A Hongkong, des tests qui restent en travers de la gorge de l’opposition

Par Anne-Sophie Labadie, correspondante à Hongkong — Libération

Dès l’aéroport, les autorités imposent un prélèvement salivaire systématique aux passagers. Une barrière contre le Covid-19 qui fournit aux autorités de précieux fragments d’identité.

«Voyager en avion n’aura jamais été aussi étrange», témoigne Laurel Chor à son arrivée à l’aéroport de Hongkong métamorphosé en première ligne de défense contre le Covid-19. La journaliste du Guardian raconte dans les colonnes du quotidien qu’elle a dû remplir divers formulaires, prendre sa température, installer un bracelet électronique et télécharger une application de traçage, puis écouter les règles à respecter en vue de sa quarantaine. Elle a ensuite réalisé un dépistage du Covid-19 et attendu sur place les résultats, sésame obligatoire depuis le 22 avril pour pouvoir sortir de la zone aéroportuaire. «Je savais que mon voyage de retour serait compliqué, mais je n’étais pas préparée à ce sentiment d’isolement, ni à devoir passer d’une scène dystopique à une autre.»

Une fois la douane passée, les passagers sont acheminés en bus jusqu’au Parc des expositions non loin de là, et des robots autonomes dotés de stérilisateurs à rayons ultraviolets désinfectent tout. Ensuite, «encore plus de paperasse, plus de questions, pas beaucoup d’explications, et l’heure du test arrive», résume une Américaine sur son blog. Dans des petits isoloirs, chacun crache dans un tube, puis attend huit heures en moyenne dans une salle gigantesque, installé à une petite table, à distance des autres passagers. Les plus chanceux sont envoyés dans un hôtel jusqu’à l’annonce des tests traités par le laboratoire de santé publique du département de la Santé. Si le test est positif, c’est l’hospitalisation. S’il est négatif, quatorze jours d’isolement strict chez soi, à l’hôtel ou dans un centre réquisitionné par le gouvernement.
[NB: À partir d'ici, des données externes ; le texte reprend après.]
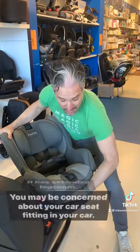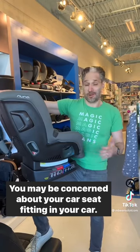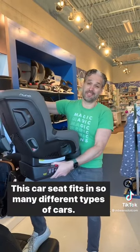It has extended leg room. You may be concerned about your car seat fitting in your car — well, don't worry, this car seat fits in so many different types of cars. To see a full review of the new Narava, check out our YouTube channel.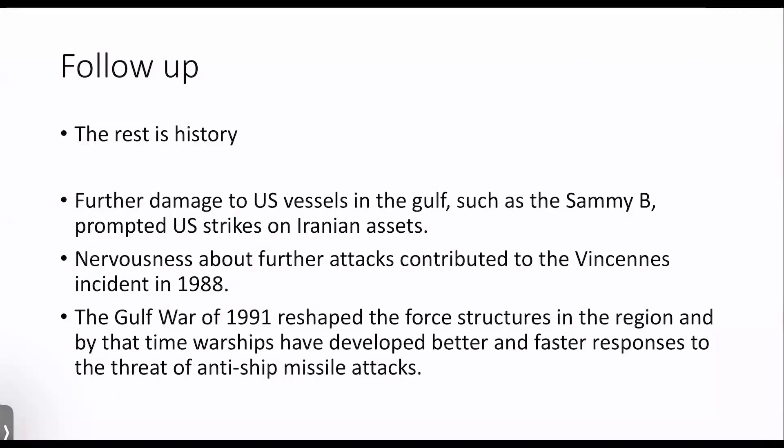A follow-up from the Stark incident: there was further damage to US vessels in the Gulf a few months later. Another Oliver Hazard Perry class frigate, the Samuel B. Roberts, was struck by a mine. Again, massive damage control efforts by the crew and superb seamanship managed to save that ship. If you get a chance, there's a book called 'No Higher Honor: Saving the Samuel B. Roberts' by Bradley Penniston — it's an excellent book about the whole incidents and also touches on the output of the Stark incident as well. Absolutely amazing seamanship.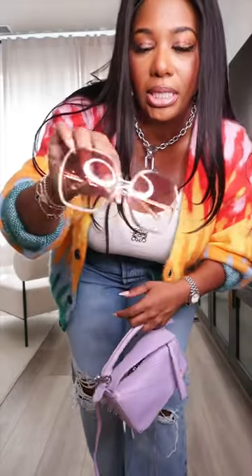For the bag, I think I'm gonna pull out this Loewe mini puzzle in a lilac lavender color. And then for the shades, I'm gonna do these indoor-outdoor ones — these are from Chloe, one of my favorite pairs of shades. I've had these for years. These are definitely like a 70s vibe, but I feel like it adds a little bit of femininity to the look.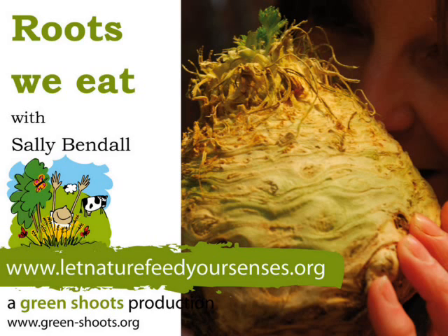We've come into my farm shop to have a look at the roots that we've got on sale here. If you actually think about it, people eat a lot of roots. We've got all sorts in front of me at the moment.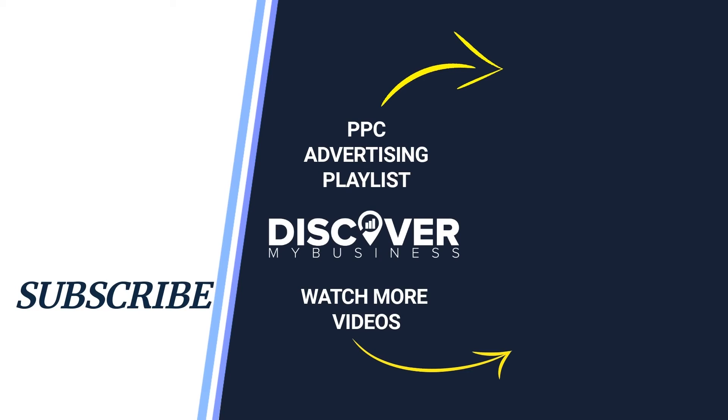Don't forget to subscribe to our YouTube channel and check out our videos with other great Google marketing solutions for your business. Thank you, have a good day, bye.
Sur les forums, l’inquiétude concerne la longueur du processus, mais pas le devenir des données personnelles livrées involontairement. «Les données biologiques sont très sensibles et énormément d’informations peuvent en être extraites», souligne pourtant Maya Wang, analyste au sein de l’ONG Human Rights Watch (HRW).

Fichier

Les prélèvements salivaires fournissent des informations précieuses sur le patrimoine génétique dont peuvent être friands la police criminelle, les assureurs ou les gouvernements répressifs. HRW a par exemple alerté en 2017 sur un programme de santé gratuit proposé en Chine à la minorité ouïghoure et sous couvert duquel Pékin aurait collecté l’ADN de millions de membres de cette communauté musulmane et constitué un gigantesque fichier génétique à des fins de surveillance.

A Hongkong, la défiance est importante à l’égard de la reconnaissance faciale, installée dans l’aéroport et certaines rues. Les opposants craignent que les autorités n’utilisent la pandémie pour pérenniser des mesures de surveillance et interdire les rassemblements. «Le Covid-19 donne aux services de l’immigration, à travers le monde, l’autorité pour amasser énormément de données biologiques qui sont des informations particulièrement sensibles. Nous ne sommes pas opposés à la collecte de données par les gouvernements, mais elle doit être légale, proportionnée par rapport au but recherché», poursuit Maya Wang.

Dans le cas présent, les prélèvements salivaires servent spécifiquement à la lutte contre le Covid-19. Les formulaires à remplir par les passagers indiquent que «les données personnelles fournies seront utilisées par le département de la Santé afin d’empêcher l’apparition ou la propagation d’une maladie infectieuse ou d’une contamination». Dans ce but, les données peuvent être divulguées à d’autres services gouvernementaux. Ce transfert des données est un autre point noir soulevé par l’élu d’opposition Charles Mok : «Il devrait y avoir beaucoup plus de transparence.»

Flou

Hongkong possède une loi sur la protection des données depuis 1996, un texte à l’époque précurseur en Asie, adopté un an avant la rétrocession de la colonie britannique à la Chine. «En général, ce genre de données collectées pour un but précis est plutôt bien respecté à Hongkong, juge Maya Wang. Mais avec le principe "un pays, deux systèmes" de plus en plus sous pression, la collecte de données devient un sujet de controverse.»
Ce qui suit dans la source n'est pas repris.